Día 22, siempre en pijama. Me cuesta unos segundos darme cuenta de que esto tan extraño es real y que la noche solo ha sido un paréntesis breve. Llego al salón y la luz entra en mí. Enfrente hay un solar con la maleza descontrolada que se agita como una melena en un descapotable; los pájaros gorjean a todo volumen, regodeándose en su libertad. Leo en Twitter que un ciervo ha aprovechado nuestra ausencia para bajar desde Doñana a la playa onubense de Matalascañas. Se supone que el vídeo lo ha grabado un humano. Muestra al animal tanteando la espuma de las olas rompientes, divertido y curioso. Recuerdo un pasaje de Manuel Vilas en Ordesa sobre A Lanzada (Sanxenxo), el arenal de mi infancia. Una mañana del verano de 1970, el padre y un tío del escritor caminaban por la orilla, inspirando el salitre del verano. "Hay viento, hay luz, un descomunal espacio de mar y arena. Es el paraíso, pero es solo mi recuerdo ", evoca Vilas. La insistencia del mar en imponerse como pensamiento recurrente durante el confinamiento.

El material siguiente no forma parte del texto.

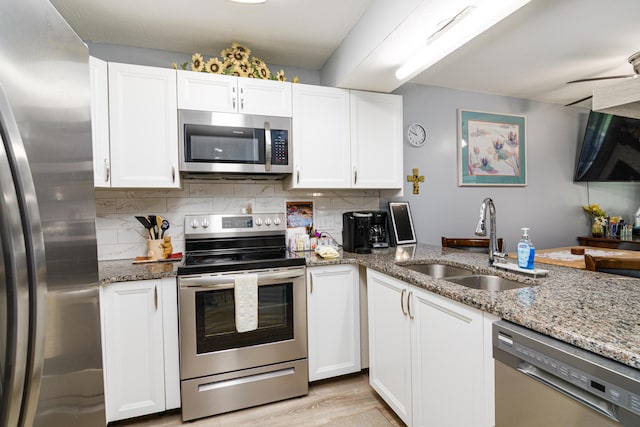 320 Turnberry Rd # 2, Branson, MO 65616 - kitchen with stainless steel appliances, white cabinets, and light stone countertops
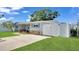 Charming single story home with stone accents, beautiful yard and white vinyl privacy fence at 5248 Coral N Way, St Petersburg, FL 33714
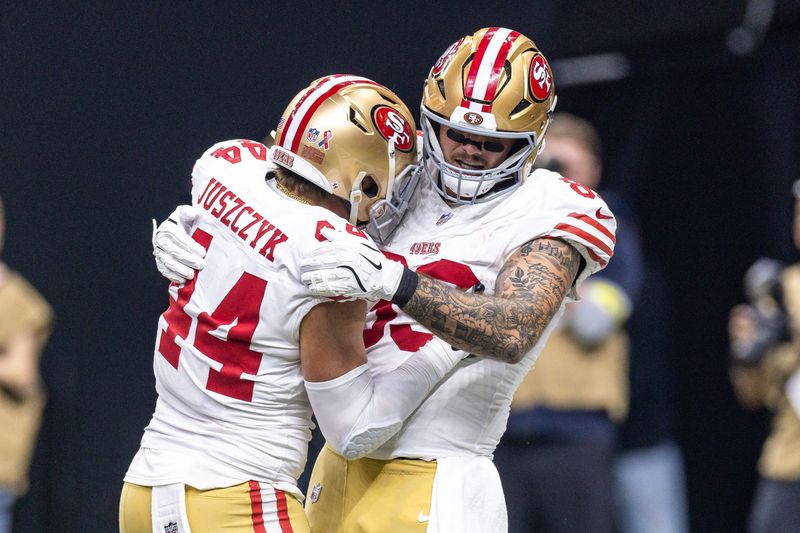 Sep 14, 2025; New Orleans, Louisiana, USA; San Francisco 49ers fullback Kyle Juszczyk (44) and tight end Luke Farrell (89) celebrate a touchdown against the New Orleans Saints during the first half at Caesars Superdome. Mandatory Credit: Stephen Lew-Imagn Images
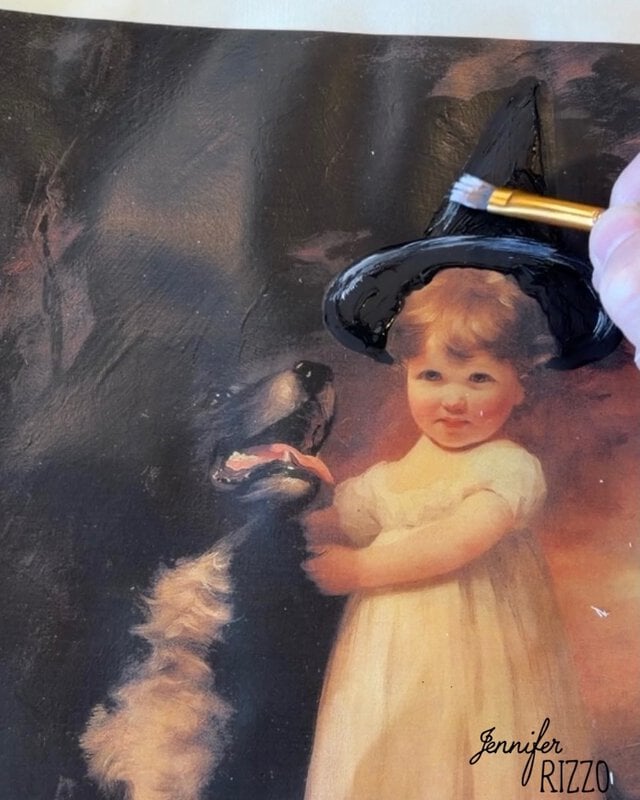 A hand paints a black witch hat on a portrait of a young child standing beside a dog. The painting is signed “Jennifer Rizzo” in the bottom right corner.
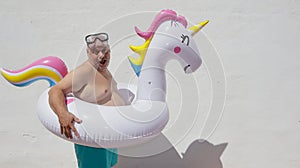 Fat ridiculous man with an unicorn float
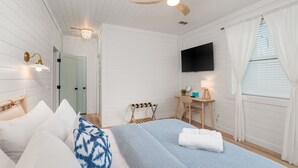 Un dormitorio con cama, escritorio, silla, televisor y ventilador de techo.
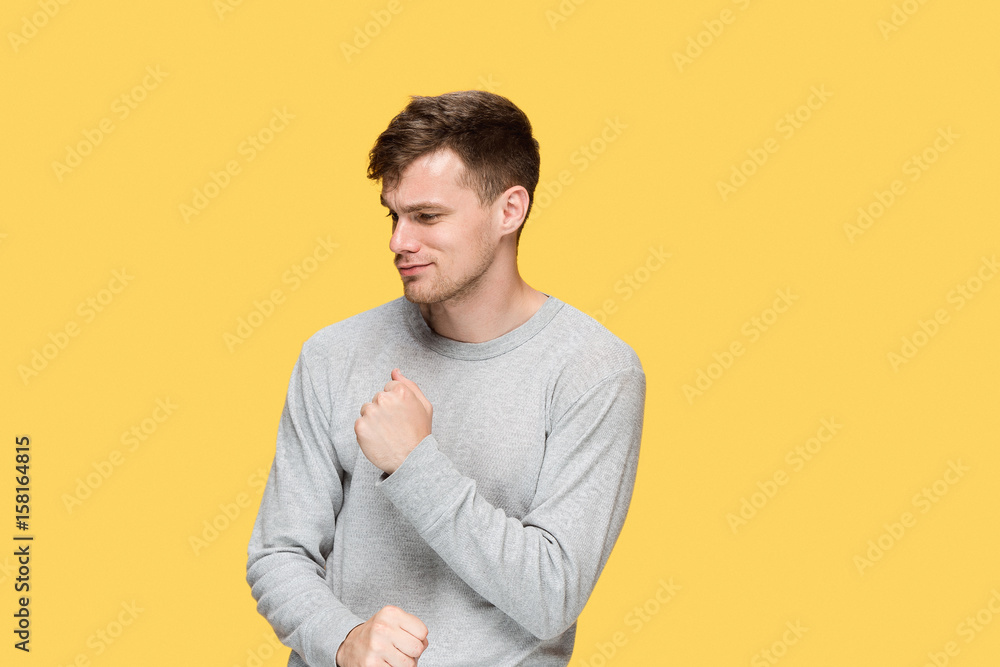 The young man with a raised fist The young man with a raised fist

La pandemia nos polariza más. Unos esgrimen las cifras de muertos contra los otros, autoafirmándose en el "¡yo ya lo advertía y el Gobierno no!". El grupo del 'todo mal' nos arroja el número terrible de fallecimientos, sin reparar en altas, ensayos clínicos, comportamientos solidarios, esfuerzos a nivel global. Parece que otros vivan de igual modo ajenos a la realidad. Solo les leerás datos positivos. Me chirría la coletilla del "todo saldrá bien". No para todos, nunca más para algunos. He tenido días en uno y otro lado. Recuerdo a Houellebecq: "¿Era capaz de ser feliz en soledad? No lo creía. ¿Era capaz de ser feliz en general? Creo que es la clase de preguntas que más vale no hacerse ". El consuelo es que nos une el reconocimiento a los profesionales que sirven, ayudan, curan y cuidan. Son la auténtica élite. Que todos coincidamos es nuestro punto de partida, salgamos o no a los balcones.

La distancia nos acerca. Los de casa contactamos a diario, varias veces. Mi madre abre el turno en el grupo de wasap, al levantarse. El pasado 8 de marzo, hace como cuatro o cinco años, compartimos un cocido. Repaso un tuit que publiqué ese día sin reparar en la gravedad del virus. Miro a mi yo de hace semanas con incredulidad y cierta rabia. Todo es más fácil cuando ha pasado. Me pregunto si esta necesidad de estar juntos decaerá después. No echo de menos las aglomeraciones ni las citas por compromiso, en cambio extraño los besos y los abrazos que rehuía. Leo análisis que auguran un cambio radical de costumbres, y otros que aseguran que nada variará. Qué suerte poder albergar certezas por adelantado. Vuelvo al salón, sigo en pijama y los pájaros, trinando más.